El informe muestra que el obstáculo fue una encuesta de MedUni sobre la formación de profesionales médicos. Contiene, entre otras cosas, la frase: «Dado que (un) estudiante ha recibido recientemente una formación en su lugar de enseñanza, le invitamos a informar sobre sus experiencias». Kroißenbrunner, a quien no se pudo localizar el jueves para una declaración a la APA, dijo a Med-Uni que le gustaría una encuesta que respete las reglas gramaticales aplicables. El Consejo Ortográfico Alemán exige un lenguaje apropiado para cada género, pero los textos también deben ser legibles.
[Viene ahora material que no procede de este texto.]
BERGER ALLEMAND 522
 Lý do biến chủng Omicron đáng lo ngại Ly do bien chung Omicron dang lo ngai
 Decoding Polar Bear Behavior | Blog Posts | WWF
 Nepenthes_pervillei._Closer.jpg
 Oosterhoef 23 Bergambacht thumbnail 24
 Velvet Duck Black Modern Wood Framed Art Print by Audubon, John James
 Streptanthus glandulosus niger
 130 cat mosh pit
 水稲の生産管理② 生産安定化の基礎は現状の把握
En consecuencia, la retirada de la práctica docente
El resultado fue que la Universidad de Medicina retiró su actividad docente porque no “representaba los mismos valores que la Universidad de Medicina de Graz”. La universidad reaccionó el jueves con un comunicado: «Es extremadamente raro que la colaboración con una ordenación docente tenga que terminar. Si decidimos dar este paso, nunca lo haremos a la ligera o sin buenas razones». Casi 200 centros docentes certificados en toda Austria formarían estudiantes en la Universidad de Medicina de Graz. En el caso de Kroißenbrunner, «después de una cuidadosa consideración» se decidió poner fin a la colaboración: «Debido a la forma con la que nos comunicábamos, tuvimos que darnos cuenta. que el Dr. Kroißenbrunner no representa los valores que nos gustaría transmitir a nuestros estudiantes y que aprecian a la estrella del género. Aunque este puede ser el punto de partida de la pregunta, no es en modo alguno motivo para interrumpir la colaboración.»
“Cooperación respetuosa y constructiva”
Como universidad nos falta «colaboración respetuosa y constructiva» en la comunicación con el médico. Naturalmente, el Rectorado también es consciente del compromiso del médico con la asistencia médica general y, por tanto, está disponible para el diálogo. Además, el médico de familia no quiere ser mal entendido como un «adversario de género», subrayó al periódico.
Tanto el FPÖ como el ÖVP se unieron al debate con una retransmisión el jueves. El FPÖ calificó el comportamiento de los funcionarios de la universidad de “increíble e inaceptable”. Quieren interrogar por escrito al ministro de Ciencia, Martin Polaschek (ÖV), al ministro de Sanidad, Johannes Rauch (Verdes), y al consejero regional de Sanidad, Karlheinz Kornhäusl (ÖVP), y averiguar si este enfoque cuenta con apoyo político.
Inmediatamente después vino la respuesta de Kornhäusl: «Necesitamos a todos los médicos comprometidos. Para mí, este enfoque es ir demasiado lejos. Por eso recurrí inmediatamente al rectorado. Aquí debe haber una solución. Pero también, independientemente de este caso concreto, estoy de acuerdo Opinión: Tenemos que poner fin a esta excesiva corrección política. Ya nadie lo entiende.»